Stop collecting. Period.
The whole "allow people to invest SS withholdings" defeats the purpose, no? The reason SS exists is so people will have insurance when they no longer have income, yes? Protect them from themselves, yes? So we have two options for overhaul:
1. Don't collect SS, and let people invest as they see fit.
2. Collect SS, then allow people to invest it, while paying some Bush cronies millions of dollars of the pie to administer these investments.
What is the difference between 1&2, except the SS payer actually will receive less on his/her investment, and Bush's pals get a nice income? I'm 32, I figure I'll never see more than 10% of my SS contributions, but not planning on any.
But it would force retirement savings. If you just cancel the whole thing then too many people would be stupid and spend everything. A "forced 401K" would make people save, even against their wishes, but would allow their money to grow.
I think your concerns are overstated. Do you have direct deposit by any chance? Everyone in the military is paid by direct deposit. We used to get checks, with all their advantages and disadvantages. But the government, in order to save money (a lot of money), required servicemen to enroll in direct deposit. But the thing is, I couldn't have the money sent to my uncle Hank or my best friend Dave or even my parents -- I had to have a bank with a routing number. By your definition, I would call that a protection.

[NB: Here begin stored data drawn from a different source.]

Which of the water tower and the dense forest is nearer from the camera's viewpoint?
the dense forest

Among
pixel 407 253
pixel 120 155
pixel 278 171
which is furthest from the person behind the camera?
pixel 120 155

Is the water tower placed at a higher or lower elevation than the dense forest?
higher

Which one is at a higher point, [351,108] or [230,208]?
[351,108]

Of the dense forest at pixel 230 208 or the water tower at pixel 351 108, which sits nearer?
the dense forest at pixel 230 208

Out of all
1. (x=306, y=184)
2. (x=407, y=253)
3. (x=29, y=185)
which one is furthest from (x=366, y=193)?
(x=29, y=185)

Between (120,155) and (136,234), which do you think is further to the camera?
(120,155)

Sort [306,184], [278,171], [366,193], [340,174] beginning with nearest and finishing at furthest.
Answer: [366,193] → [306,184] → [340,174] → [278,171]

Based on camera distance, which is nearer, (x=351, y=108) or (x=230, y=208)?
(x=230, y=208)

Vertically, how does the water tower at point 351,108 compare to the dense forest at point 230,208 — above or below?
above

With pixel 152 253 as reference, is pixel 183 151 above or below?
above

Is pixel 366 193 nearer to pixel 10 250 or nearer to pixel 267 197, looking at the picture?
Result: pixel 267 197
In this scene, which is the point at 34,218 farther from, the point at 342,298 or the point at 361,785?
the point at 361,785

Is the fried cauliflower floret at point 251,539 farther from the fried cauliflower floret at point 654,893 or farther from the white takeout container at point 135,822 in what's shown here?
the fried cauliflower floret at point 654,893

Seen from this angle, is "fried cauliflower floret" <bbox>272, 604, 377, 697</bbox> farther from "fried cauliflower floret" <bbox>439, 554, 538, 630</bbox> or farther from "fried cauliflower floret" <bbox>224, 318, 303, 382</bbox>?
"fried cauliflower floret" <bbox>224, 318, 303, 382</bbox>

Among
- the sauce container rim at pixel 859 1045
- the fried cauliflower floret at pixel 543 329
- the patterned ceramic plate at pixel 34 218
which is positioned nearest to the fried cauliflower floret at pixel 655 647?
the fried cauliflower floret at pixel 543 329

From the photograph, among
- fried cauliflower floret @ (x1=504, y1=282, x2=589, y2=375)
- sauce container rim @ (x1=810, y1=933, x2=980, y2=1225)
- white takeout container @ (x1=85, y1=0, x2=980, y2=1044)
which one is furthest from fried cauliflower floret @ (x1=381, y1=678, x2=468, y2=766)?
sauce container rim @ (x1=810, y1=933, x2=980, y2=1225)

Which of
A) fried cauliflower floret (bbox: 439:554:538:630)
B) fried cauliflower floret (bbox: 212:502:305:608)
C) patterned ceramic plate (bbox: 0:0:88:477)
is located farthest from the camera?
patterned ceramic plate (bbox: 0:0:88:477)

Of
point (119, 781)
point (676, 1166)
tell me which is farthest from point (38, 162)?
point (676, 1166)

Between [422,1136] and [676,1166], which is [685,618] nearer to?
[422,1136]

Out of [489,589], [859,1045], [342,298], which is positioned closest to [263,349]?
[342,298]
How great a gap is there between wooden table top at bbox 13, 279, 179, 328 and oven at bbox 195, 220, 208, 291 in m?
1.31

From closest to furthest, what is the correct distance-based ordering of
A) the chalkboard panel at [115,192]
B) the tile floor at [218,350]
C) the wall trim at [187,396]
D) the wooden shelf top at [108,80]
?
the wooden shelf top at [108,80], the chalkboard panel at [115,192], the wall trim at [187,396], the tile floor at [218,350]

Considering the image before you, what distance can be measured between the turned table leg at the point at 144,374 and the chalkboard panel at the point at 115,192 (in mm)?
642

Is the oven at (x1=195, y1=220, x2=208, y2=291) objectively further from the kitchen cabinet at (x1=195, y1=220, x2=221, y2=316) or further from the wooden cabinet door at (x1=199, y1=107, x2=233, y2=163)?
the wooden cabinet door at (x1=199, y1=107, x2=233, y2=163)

With Social Security, it would be relatively easy for the government to set up fund requirements for investment firms in order for them to be eligible to get involved (conservative requirements governing diversity and risk and what sort of investments can be included). That also would be a protection. Then, lets say there are 20 companies that have a Social Security/retirement fund that meets the requirements. A person who knows nothing about investing would simply pick one, it doesn't matter how. Since they would all be basically very similar funds, the person would not face any risk of having his money perform poorly because of a poor choice.
And if I'm writing the rules, I would make it so that people could transfer money between those funds with no penalty (another protection). That way, each company had the incentive for its fund to do well so more people would put their money into it.
And the great thing about doing something like this is that if you die at age 58, your children ages 23, 24 and 27 would be able to inherit that money! (Under Social Security, they would all get squat.)
In case I haven't made myself clear, I'd really like to pull the plug on Social Security as it exists. Continue paying current recipients from the general fund, give everyone not yet receiving it the option of staying with the system or cashing out and have their Social Security tax be diverted into a fund such as what I described in the previous post.
I agree with your post. The question is whether the government should invest it (which I have a big problem with) or letting us invest it.
Surely something better can be done with SS. Whether it's this plan or a compromise plan.